**What needs to be done:** For this exercise, output the entries below exactly from the line that holds "Royal Blue Sailboat Pattern Vierkante Klok" to the line that holds "A white Inter", both ends included. No pictures belong in the copy.

**Data for the task:**

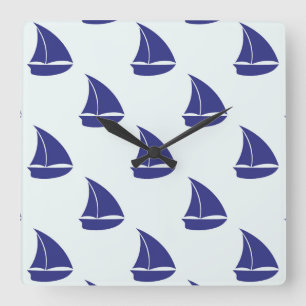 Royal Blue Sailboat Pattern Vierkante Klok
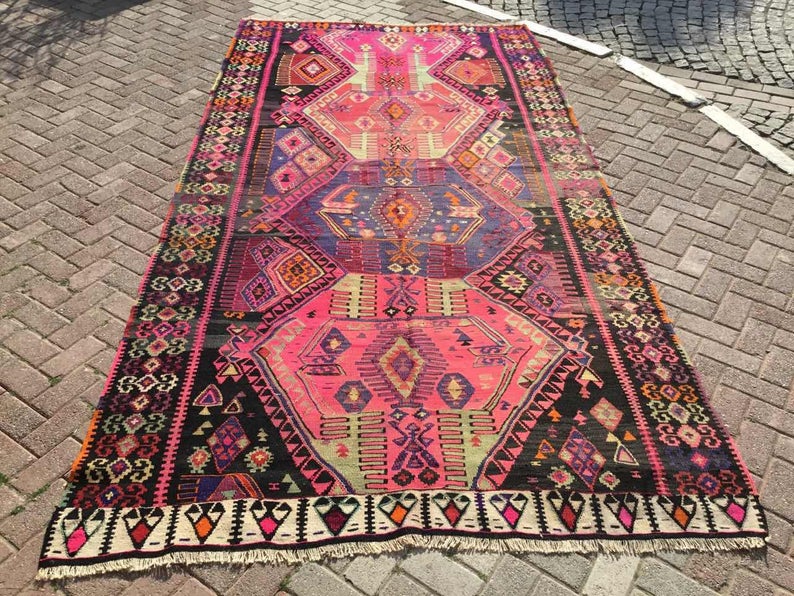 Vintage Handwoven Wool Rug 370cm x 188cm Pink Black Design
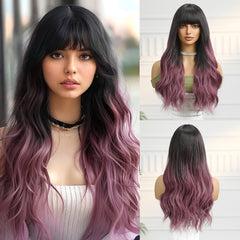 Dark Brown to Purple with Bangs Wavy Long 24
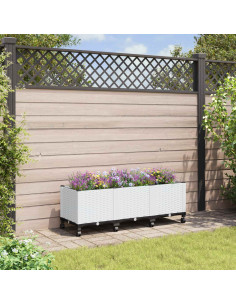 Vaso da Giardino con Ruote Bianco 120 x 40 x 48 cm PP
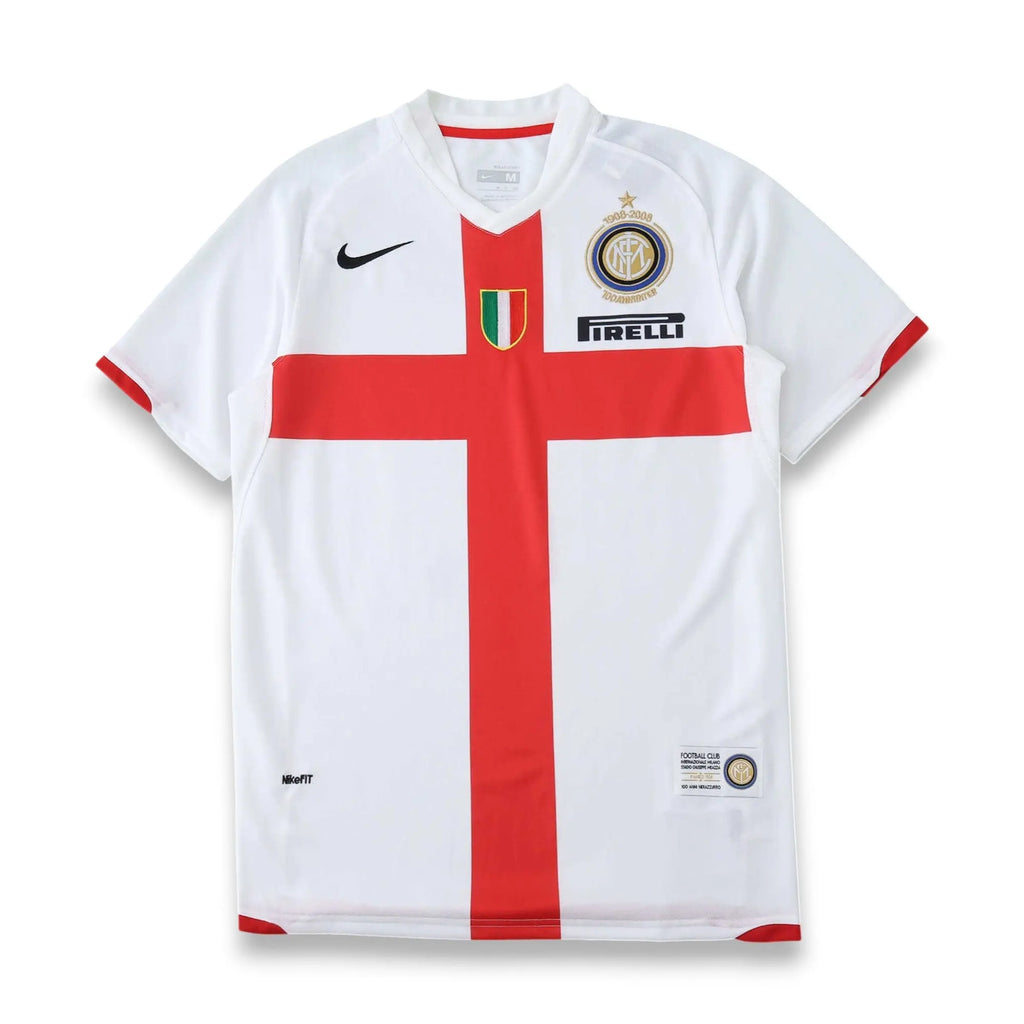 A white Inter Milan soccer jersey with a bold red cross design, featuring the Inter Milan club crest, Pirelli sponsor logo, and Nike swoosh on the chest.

* * *

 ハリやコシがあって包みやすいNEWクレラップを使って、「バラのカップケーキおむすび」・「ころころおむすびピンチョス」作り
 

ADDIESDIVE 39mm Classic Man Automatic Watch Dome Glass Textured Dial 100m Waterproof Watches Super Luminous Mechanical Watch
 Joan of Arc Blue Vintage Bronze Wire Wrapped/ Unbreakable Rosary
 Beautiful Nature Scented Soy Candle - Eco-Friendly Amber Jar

**The answer:**
 Royal Blue Sailboat Pattern Vierkante Klok
 Vintage Handwoven Wool Rug 370cm x 188cm Pink Black Design
 Dark Brown to Purple with Bangs Wavy Long 24
 Vaso da Giardino con Ruote Bianco 120 x 40 x 48 cm PP
 A white Inter Milan soccer jersey with a bold red cross design, featuring the Inter Milan club crest, Pirelli sponsor logo, and Nike swoosh on the chest.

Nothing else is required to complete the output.